In fact, according to the Joint Center for Housing Studies at Harvard University, the jump in spending on home improvements actually started last year, when consumers spent $126 billion nationally. That was a 10% increase from 2011. The Center projects that spending on home renovations could increase an additional 20% this year, thanks in large part to a boost in the economy.
Home prices are steadily rising, the Dow Jones industrial average surged to a record high last week, the Labor Department reported that U.S. employers added 236,000 jobs nationwide in February, and the unemployment rate is at a four-year low. All of that leads to increased consumer confidence, and when homeowners feel secure about the finances, their job security, and the economy as a whole, they are more likely to spend some of their expendable income.
With home prices increasing, many Americans are choosing to spend some money sprucing up their homes so that they can put them on the market. They're calling contractors, interior designers, and architects – and they aren't just making minor repairs! Instead, many homeowners are paying for ambitious projects, like adding entire rooms, finishing basements, tearing down walls, and upgrading kitchens and bathrooms.
“There’s a sense of momentum,” said Stephen Melman, the Director of Economic Services at the National Association of Home Builders, when he spoke to the Boston Globe last week. “There’s still a lot of caution out there, but we’re definitely seeing more activity.”
Many builders say they've received more calls in the last month than they did all of last year.

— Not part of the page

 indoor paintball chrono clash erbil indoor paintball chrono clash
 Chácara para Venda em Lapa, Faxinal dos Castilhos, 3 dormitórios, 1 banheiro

The increased workload means more money in their pockets, which is definitely good news for an industry that has struggled in recent years.
Builders aren't the only ones benefiting from the boost in home renovations, though. Building supply companies are reporting sales increases, architects and engineers say their services are in higher demand, and home improvement companies like Home Depot and Lowe's are opening new stores and hiring additional employees at locations around the country.
Of course, for all of those businesses to make money, someone has to be spending it, but homeowners who are undertaking remodeling and renovations are hoping for a big return on their investments.
In most major metropolitan areas across the nation, the housing market has become a seller's market. There simply aren't enough homes for sale to keep up with the number of people wanting to buy a home. This has led to multiple offers on the same home, high-dollar bidding wars, and higher home prices. Homeowners who want to sell know that now is the time to list their property, but many need to make some changes to their homes before putting them on the market.
The renovations and upgrades should pay off, especially since analysts expect a plethora of new listings in the months to come. They say many homeowners will be anxious to take advantage of the rising home prices, and the market could shift from a seller's market to a buyer's.
If that happens, any and all upgrades will be an added selling point!